▸ Exercise prompt
Give back the full listing exactly, setting the pictures aside.

START Collected data

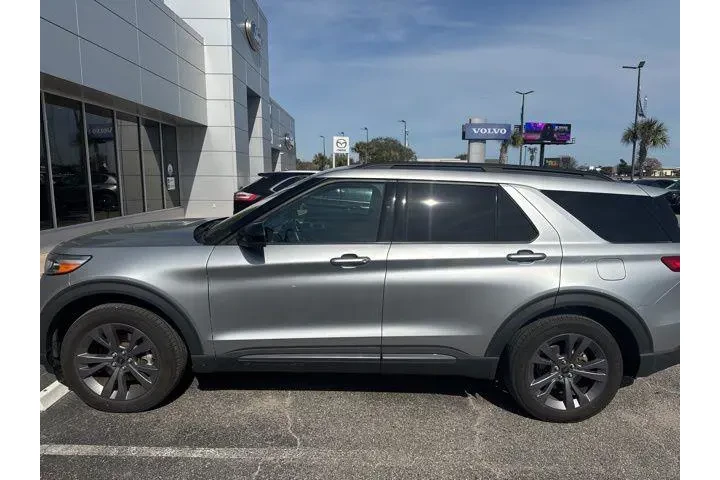 $29864 : Ford Explorer 2023 XLT 4dr S image 4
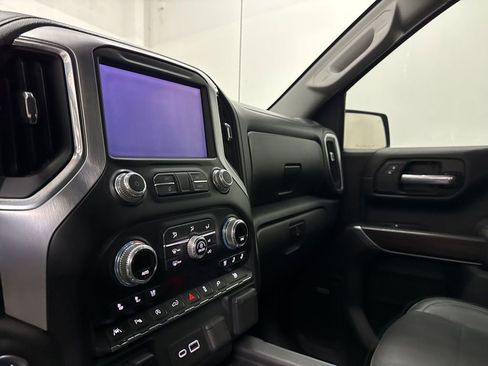 Used 2019 GMC Sierra 1500 SLT image 32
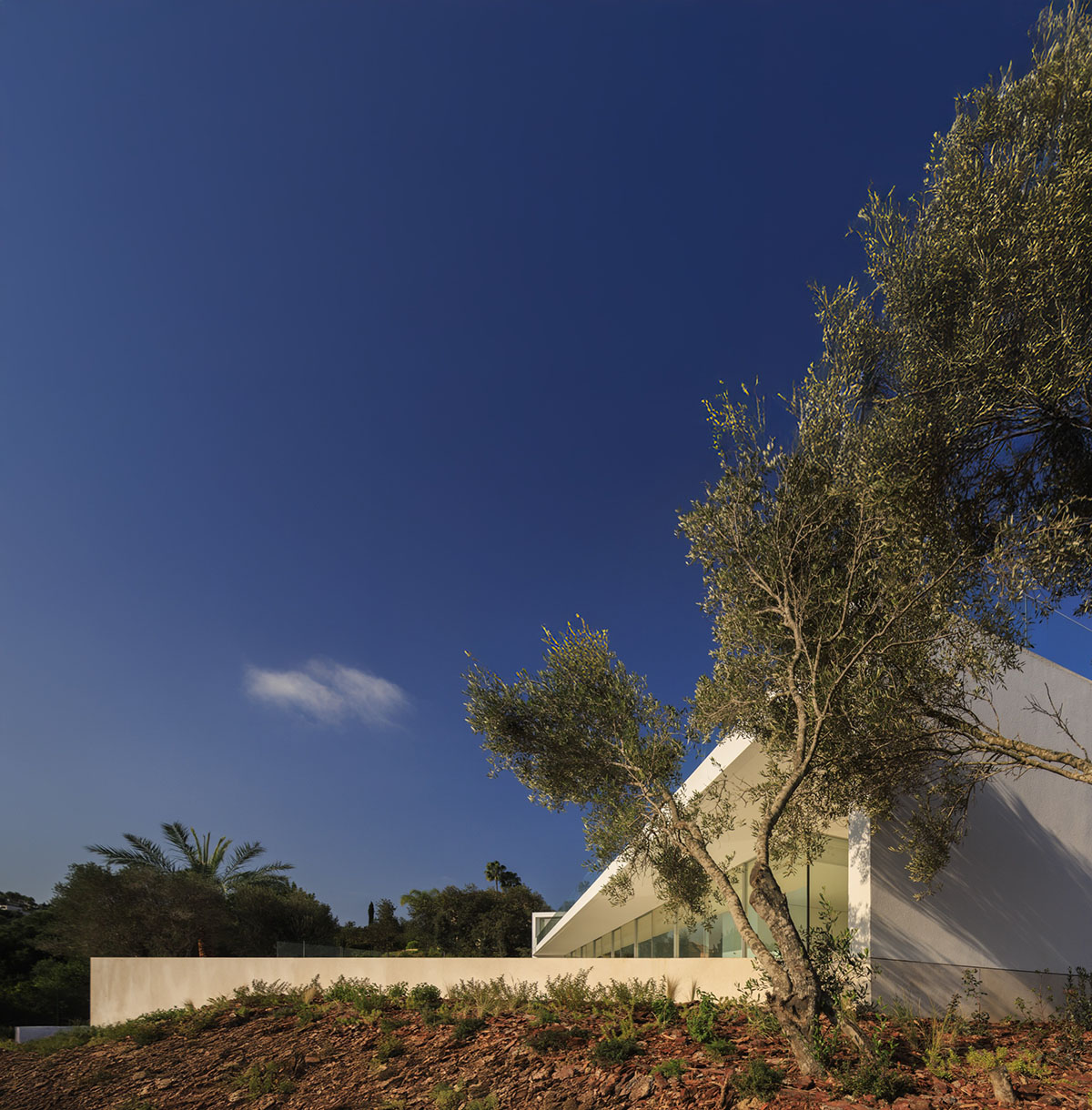 Villa 95 by Fran Silvestre Arquitectos expands views with irregularly shifted volumes in Sotogrande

END Collected data

▸ Response for this exercise
 $29864 : Ford Explorer 2023 XLT 4dr S image 4
 Used 2019 GMC Sierra 1500 SLT image 32
 Villa 95 by Fran Silvestre Arquitectos expands views with irregularly shifted volumes in Sotogrande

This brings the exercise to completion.